— by Michael A. Graham

“Beware of Me When I’m Right!”
“There is a way that seems right to a man, but its end is the way to death.”
— Proverbs 14:12 & 16:25
It’s rare for Scripture to repeat itself word for word — but Proverbs 14:12 and 16:25 do just that. A warning serious enough for the Spirit to inspire it twice.
I encountered this verse in two places within a few days while traveling with my wife Vicki and our daughter Molly through Eastern Europe. We had just spent time with family in Belgrade — our son-in-law Veljko’s parents and sister — before making our way through Subotica, Budapest, Bratislava, Vienna, Lake Bled, and Ljubljana. Along the way, I shared Proverbs 14:12 with Molly. A few days later, Proverbs 16:25 surfaced in my reading — the exact same verse.
While in Belgrade, we saw protests unfolding in response to recent tragedies and a call for accountability. But what struck me wasn’t the politics. It was the clarity: everyone involved on either side of this most recent Serbian issue believed they were right. And that pattern runs deep through history. This part of the world — like many others — has lived through wave after wave of leaders and ideologies, all confident in their vision. The damage wasn’t always caused by malice. Sometimes, it was caused by confidence.
“There is a way that seems right to a man, but its end is the way to death.”
This verse isn’t directed at “them,” whoever they may be. It’s directed at us.
It speaks to anyone who moves forward in life based on instinct, conviction, or experience — without stopping to ask whether that path is truly shaped by the wisdom of God.

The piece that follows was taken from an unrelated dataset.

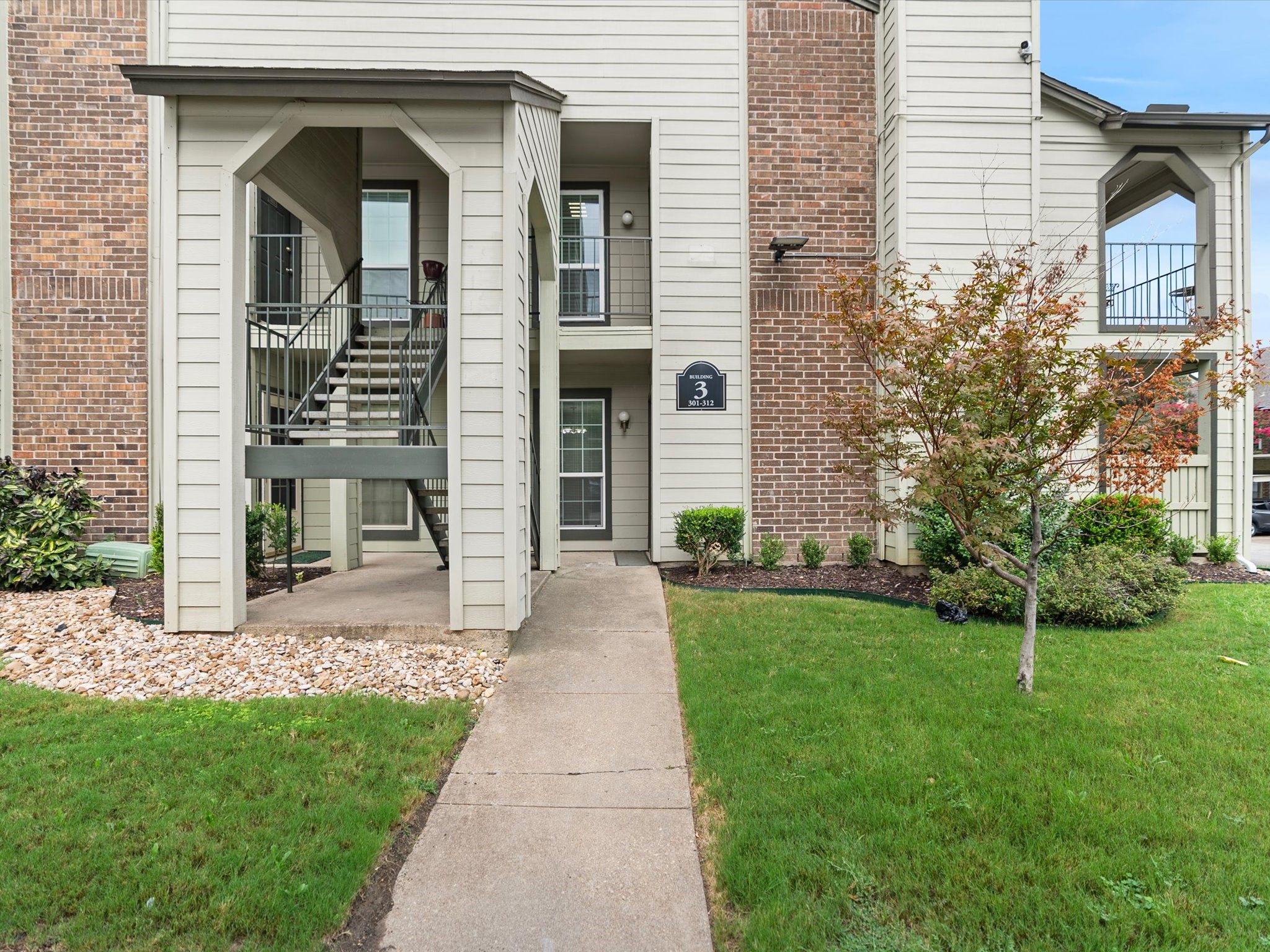 5981 Arapaho Road 304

Jack Miller thought deeply about this. He often warned that presumption and faith can look nearly identical on the outside. “Both involve risk,” he said. “Both carry the appearance of confidence. But one is Christ-confidence grounded in the promises of God, and the other is self-confidence built on your own instincts.” The difference can be hard to spot. You can build a whole life — even a ministry — on self-confidence and not realize it until it starts to fall apart.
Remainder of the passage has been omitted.